● **YOUR TASK**: Copy every entry below exactly as it appears, leaving out the images.

Saved entries
--- START ---

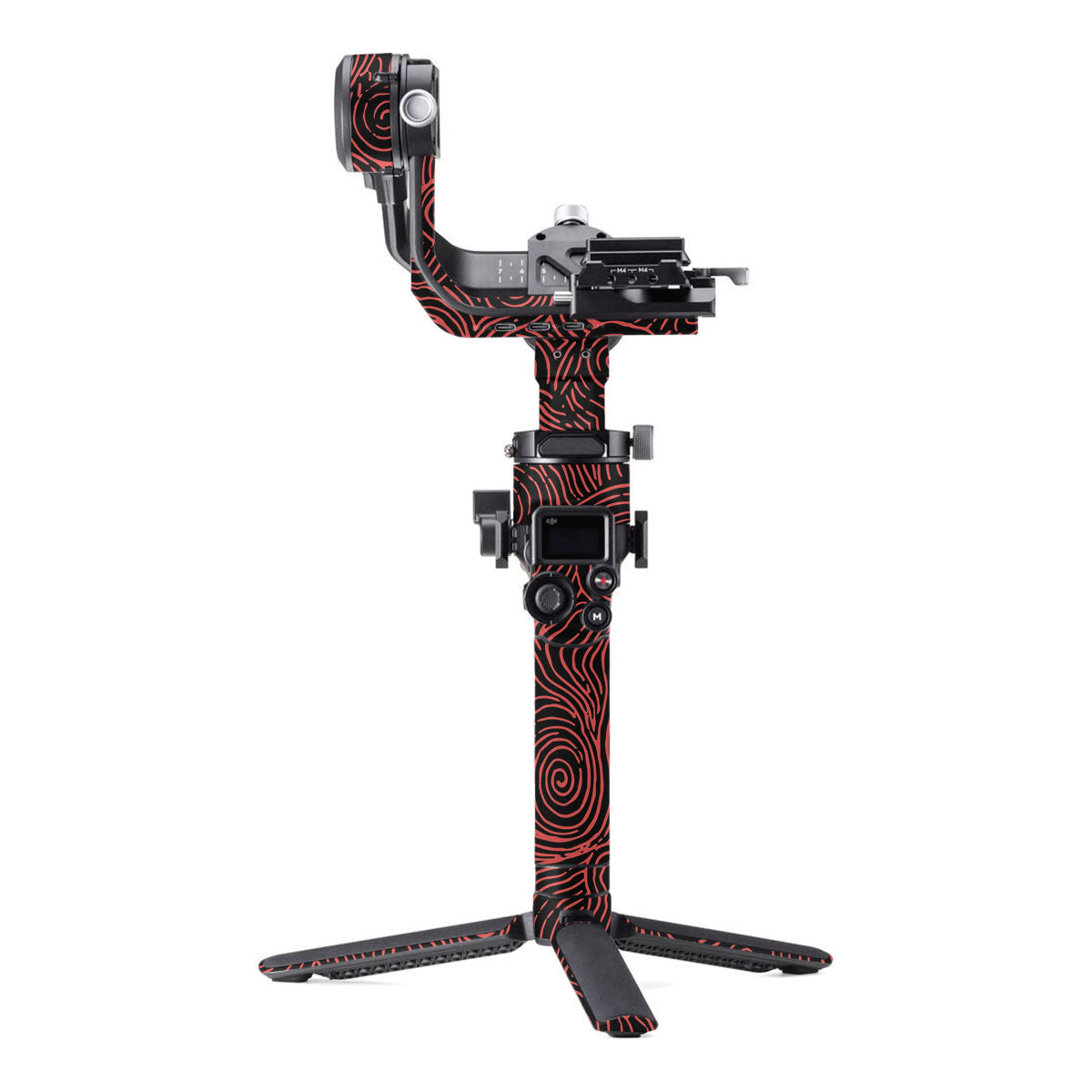 Red Spirals DJI RSC 2 Gimbal Skin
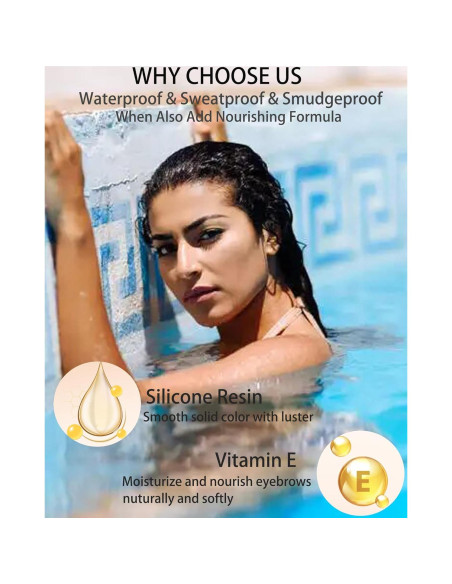 Gel para Cejas Teñido LYSdefeu 32g - A Prueba de Agua 04 Marrón Oscuro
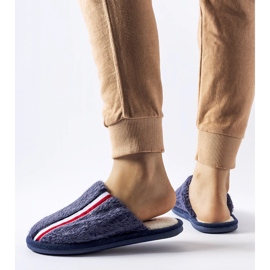 Chaussons bleu marine 1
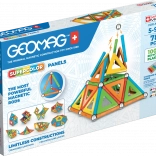 Geomag Supercolor Panels újrahasznosított mágneses építőkészlet 78 darab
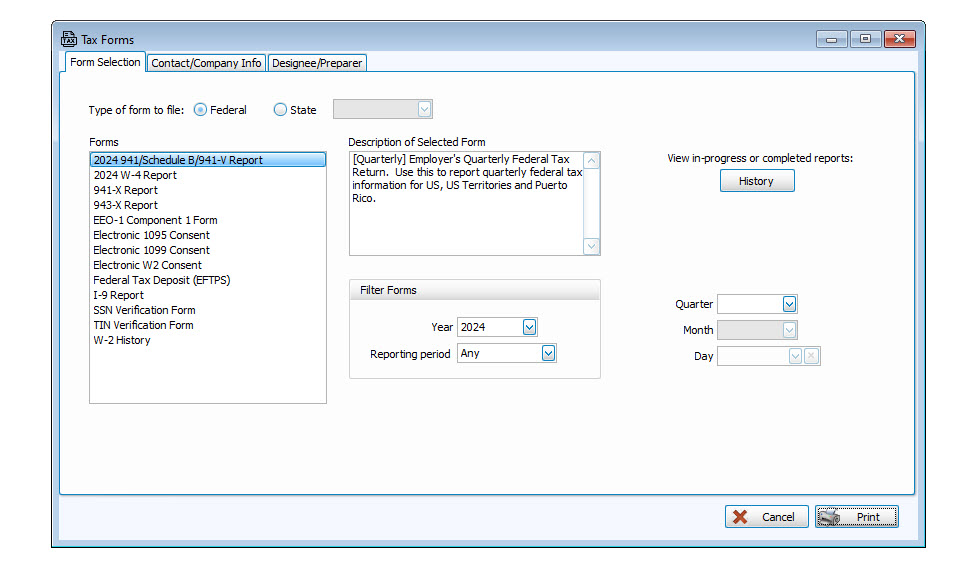 Accounting & Payroll: Tax Form Prep (v27 & Newer)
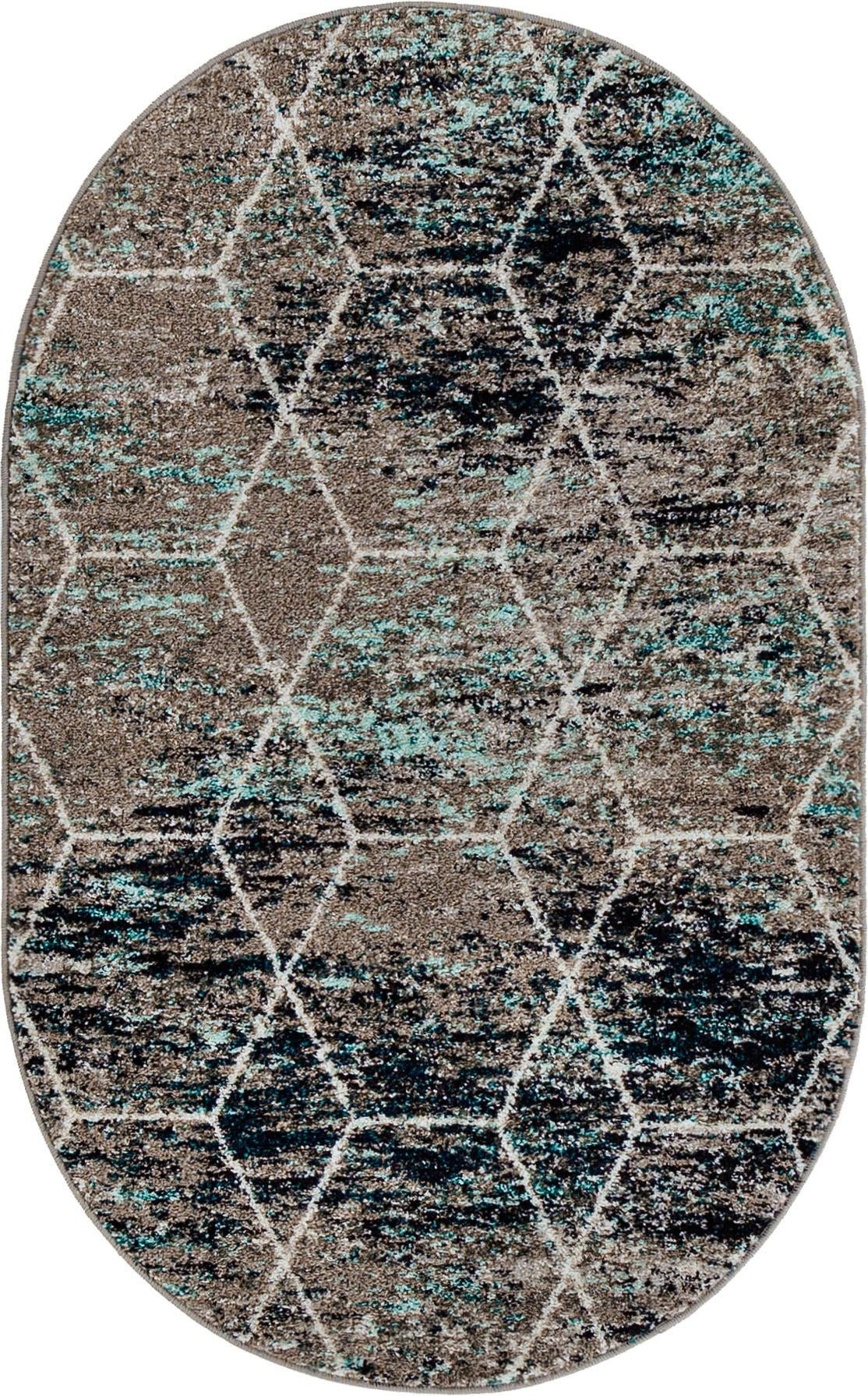 3' x 5' 3 Galloway · Diamond rug
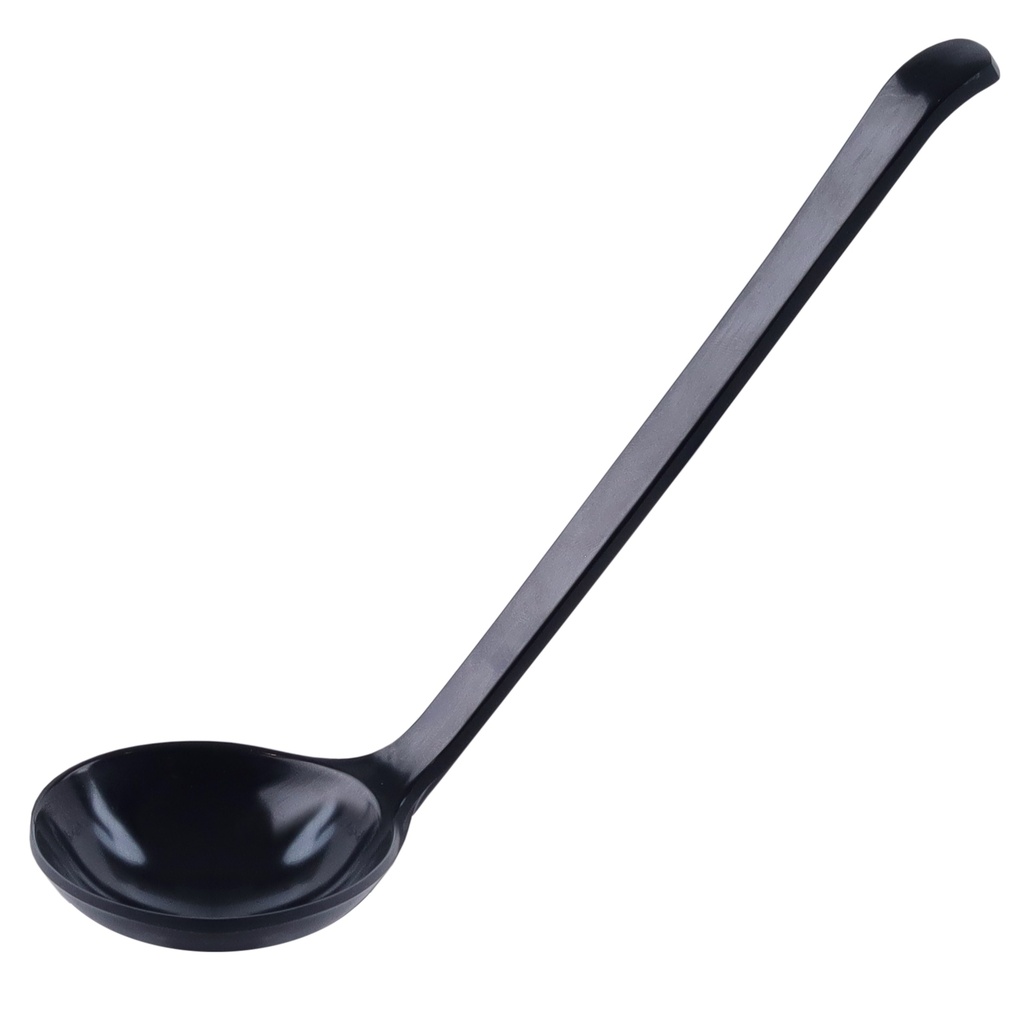 Black ladle 21.2x5.8 cm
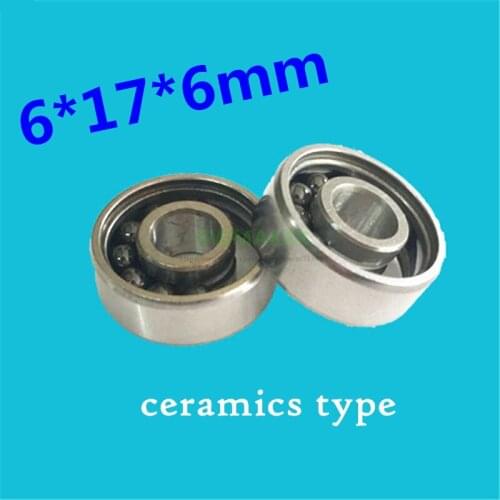 SWMAKER 1pcs 6*17*6mm Fingertip gyroscope finger helix ceramic full bead high speed bearing 606
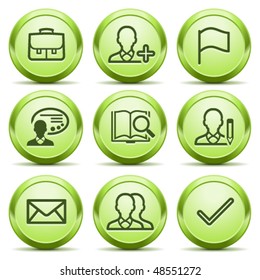Green icon with button 1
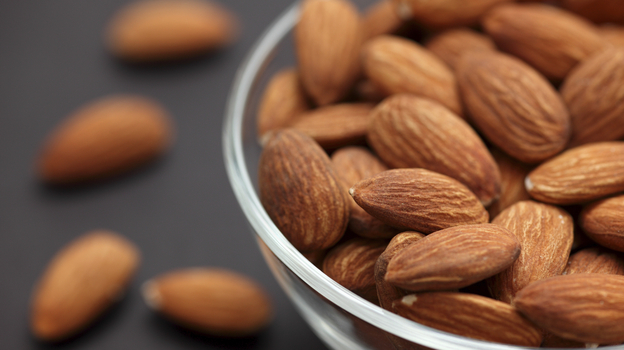 Almonds may have 20 percent less calories than previously thought. (iStockphoto.com)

--- END ---

● **ANSWER BOX**:
 Red Spirals DJI RSC 2 Gimbal Skin
 Gel para Cejas Teñido LYSdefeu 32g - A Prueba de Agua 04 Marrón Oscuro
 Chaussons bleu marine 1
 Geomag Supercolor Panels újrahasznosított mágneses építőkészlet 78 darab
 Accounting & Payroll: Tax Form Prep (v27 & Newer)
 3' x 5' 3 Galloway · Diamond rug
 Black ladle 21.2x5.8 cm
 SWMAKER 1pcs 6*17*6mm Fingertip gyroscope finger helix ceramic full bead high speed bearing 606
Green icon with button 1
 Almonds may have 20 percent less calories than previously thought. (iStockphoto.com)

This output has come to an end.